(Data extracted from a collection)
>>>>
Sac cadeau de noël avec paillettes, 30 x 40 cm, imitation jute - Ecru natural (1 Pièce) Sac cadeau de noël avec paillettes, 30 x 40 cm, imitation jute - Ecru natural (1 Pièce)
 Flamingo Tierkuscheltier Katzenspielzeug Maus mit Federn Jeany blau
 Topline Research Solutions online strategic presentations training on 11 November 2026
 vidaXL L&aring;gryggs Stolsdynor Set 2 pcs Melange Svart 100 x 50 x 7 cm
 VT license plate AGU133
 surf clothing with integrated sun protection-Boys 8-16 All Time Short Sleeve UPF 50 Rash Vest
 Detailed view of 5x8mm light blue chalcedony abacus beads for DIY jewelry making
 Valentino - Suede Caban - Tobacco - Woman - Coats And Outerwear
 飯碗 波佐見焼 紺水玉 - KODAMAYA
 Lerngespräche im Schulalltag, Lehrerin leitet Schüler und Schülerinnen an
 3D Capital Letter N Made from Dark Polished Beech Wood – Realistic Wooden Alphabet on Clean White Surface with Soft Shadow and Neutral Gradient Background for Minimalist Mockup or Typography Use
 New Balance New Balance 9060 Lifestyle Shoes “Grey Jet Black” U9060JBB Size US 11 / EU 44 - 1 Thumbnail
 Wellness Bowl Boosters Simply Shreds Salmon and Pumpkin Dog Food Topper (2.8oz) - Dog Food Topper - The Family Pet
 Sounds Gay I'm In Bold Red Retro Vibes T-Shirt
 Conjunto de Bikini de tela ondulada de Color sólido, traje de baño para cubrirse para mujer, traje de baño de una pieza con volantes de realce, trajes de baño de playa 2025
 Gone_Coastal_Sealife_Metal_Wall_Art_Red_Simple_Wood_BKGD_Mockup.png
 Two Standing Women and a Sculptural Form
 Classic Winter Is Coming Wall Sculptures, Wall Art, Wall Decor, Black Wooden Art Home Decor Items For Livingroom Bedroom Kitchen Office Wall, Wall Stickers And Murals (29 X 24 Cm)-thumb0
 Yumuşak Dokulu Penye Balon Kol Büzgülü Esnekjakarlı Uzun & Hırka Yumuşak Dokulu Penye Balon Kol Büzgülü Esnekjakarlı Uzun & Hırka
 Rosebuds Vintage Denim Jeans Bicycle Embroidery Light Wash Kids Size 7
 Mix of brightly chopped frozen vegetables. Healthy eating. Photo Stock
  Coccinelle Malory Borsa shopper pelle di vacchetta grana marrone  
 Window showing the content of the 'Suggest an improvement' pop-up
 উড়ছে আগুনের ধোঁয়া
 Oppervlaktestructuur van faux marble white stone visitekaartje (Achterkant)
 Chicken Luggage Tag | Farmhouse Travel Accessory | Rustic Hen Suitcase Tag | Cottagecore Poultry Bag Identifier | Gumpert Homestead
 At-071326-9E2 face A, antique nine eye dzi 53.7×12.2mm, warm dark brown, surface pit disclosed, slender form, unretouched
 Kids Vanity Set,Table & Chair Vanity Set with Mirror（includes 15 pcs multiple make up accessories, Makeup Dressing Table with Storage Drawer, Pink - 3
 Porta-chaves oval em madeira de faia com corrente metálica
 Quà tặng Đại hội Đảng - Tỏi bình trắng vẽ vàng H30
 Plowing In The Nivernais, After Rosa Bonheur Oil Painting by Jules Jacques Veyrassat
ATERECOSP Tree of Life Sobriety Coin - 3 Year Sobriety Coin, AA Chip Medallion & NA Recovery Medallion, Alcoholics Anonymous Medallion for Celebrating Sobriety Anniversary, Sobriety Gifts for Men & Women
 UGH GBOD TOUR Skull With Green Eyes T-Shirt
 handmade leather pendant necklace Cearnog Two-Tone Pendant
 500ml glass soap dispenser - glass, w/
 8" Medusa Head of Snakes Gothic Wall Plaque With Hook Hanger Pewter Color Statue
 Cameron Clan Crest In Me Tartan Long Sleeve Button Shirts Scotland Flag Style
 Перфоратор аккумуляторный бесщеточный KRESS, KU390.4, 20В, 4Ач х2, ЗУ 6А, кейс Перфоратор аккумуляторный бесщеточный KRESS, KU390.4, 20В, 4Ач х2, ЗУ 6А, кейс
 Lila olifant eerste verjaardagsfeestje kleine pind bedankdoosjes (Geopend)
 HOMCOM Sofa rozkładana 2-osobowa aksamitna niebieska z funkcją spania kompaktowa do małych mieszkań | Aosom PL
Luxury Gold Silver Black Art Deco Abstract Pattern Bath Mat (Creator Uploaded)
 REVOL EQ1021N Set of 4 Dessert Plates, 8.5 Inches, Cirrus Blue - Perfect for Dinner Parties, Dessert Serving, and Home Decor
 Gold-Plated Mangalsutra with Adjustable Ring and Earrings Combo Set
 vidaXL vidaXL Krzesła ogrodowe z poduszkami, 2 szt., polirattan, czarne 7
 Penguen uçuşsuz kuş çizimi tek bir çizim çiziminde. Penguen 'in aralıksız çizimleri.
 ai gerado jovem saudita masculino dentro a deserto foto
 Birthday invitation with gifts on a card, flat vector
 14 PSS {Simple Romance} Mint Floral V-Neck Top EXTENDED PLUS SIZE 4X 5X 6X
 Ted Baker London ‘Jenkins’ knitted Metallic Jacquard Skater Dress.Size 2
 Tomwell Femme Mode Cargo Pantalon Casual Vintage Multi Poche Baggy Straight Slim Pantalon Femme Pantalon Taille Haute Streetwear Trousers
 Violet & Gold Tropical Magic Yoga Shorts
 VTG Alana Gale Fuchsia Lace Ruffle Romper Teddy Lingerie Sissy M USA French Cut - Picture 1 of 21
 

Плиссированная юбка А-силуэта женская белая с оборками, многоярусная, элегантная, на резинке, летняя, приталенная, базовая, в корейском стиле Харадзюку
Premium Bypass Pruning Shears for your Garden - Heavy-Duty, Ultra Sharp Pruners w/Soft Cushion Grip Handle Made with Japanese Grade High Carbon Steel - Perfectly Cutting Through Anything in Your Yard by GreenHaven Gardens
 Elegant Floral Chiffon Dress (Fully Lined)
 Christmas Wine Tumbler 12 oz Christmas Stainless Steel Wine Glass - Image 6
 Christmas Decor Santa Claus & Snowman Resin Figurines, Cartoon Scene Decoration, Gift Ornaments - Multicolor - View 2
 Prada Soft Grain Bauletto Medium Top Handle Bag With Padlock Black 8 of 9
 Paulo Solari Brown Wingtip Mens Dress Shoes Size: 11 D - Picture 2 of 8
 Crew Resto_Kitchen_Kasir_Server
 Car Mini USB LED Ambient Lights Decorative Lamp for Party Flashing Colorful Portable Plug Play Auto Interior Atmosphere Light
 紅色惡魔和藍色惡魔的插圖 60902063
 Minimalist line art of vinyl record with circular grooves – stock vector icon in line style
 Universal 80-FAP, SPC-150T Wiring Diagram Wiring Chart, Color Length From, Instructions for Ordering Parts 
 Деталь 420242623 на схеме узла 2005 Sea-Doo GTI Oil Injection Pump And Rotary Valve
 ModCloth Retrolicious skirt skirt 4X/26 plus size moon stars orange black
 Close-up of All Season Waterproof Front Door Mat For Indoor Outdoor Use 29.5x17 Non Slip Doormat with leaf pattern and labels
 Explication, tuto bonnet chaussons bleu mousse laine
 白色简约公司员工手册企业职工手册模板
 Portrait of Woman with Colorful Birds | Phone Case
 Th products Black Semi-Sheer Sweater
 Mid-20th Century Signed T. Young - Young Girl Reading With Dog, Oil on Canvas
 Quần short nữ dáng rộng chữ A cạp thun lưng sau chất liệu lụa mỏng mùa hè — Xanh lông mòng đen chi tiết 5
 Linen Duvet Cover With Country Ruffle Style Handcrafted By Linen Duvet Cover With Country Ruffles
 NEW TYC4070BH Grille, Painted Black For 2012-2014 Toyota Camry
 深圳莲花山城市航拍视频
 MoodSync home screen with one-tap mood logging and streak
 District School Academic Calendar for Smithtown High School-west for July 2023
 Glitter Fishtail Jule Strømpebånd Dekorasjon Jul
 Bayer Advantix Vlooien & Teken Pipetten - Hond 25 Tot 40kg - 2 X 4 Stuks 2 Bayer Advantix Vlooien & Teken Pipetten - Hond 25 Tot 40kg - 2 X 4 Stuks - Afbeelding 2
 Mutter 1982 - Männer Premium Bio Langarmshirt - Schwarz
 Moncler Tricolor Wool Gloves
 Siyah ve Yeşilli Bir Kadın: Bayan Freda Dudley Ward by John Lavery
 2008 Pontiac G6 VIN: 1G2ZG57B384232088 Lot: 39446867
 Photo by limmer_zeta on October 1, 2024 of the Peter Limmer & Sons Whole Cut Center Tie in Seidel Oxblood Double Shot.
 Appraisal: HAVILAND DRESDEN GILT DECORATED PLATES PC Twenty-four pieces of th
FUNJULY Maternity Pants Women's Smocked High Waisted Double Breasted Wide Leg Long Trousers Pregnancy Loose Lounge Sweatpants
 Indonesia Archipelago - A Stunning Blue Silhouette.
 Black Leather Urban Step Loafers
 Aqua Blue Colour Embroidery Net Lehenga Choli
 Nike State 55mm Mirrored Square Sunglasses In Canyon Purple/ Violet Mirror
<<<<
> YOUR ASSIGNMENT: Up to and including the line with "surf clothing with", please return the records exactly, beginning from their first line.

> REPLY TO THE TASK:
Sac cadeau de noël avec paillettes, 30 x 40 cm, imitation jute - Ecru natural (1 Pièce) Sac cadeau de noël avec paillettes, 30 x 40 cm, imitation jute - Ecru natural (1 Pièce)
 Flamingo Tierkuscheltier Katzenspielzeug Maus mit Federn Jeany blau
 Topline Research Solutions online strategic presentations training on 11 November 2026
 vidaXL L&aring;gryggs Stolsdynor Set 2 pcs Melange Svart 100 x 50 x 7 cm
 VT license plate AGU133
 surf clothing with integrated sun protection-Boys 8-16 All Time Short Sleeve UPF 50 Rash Vest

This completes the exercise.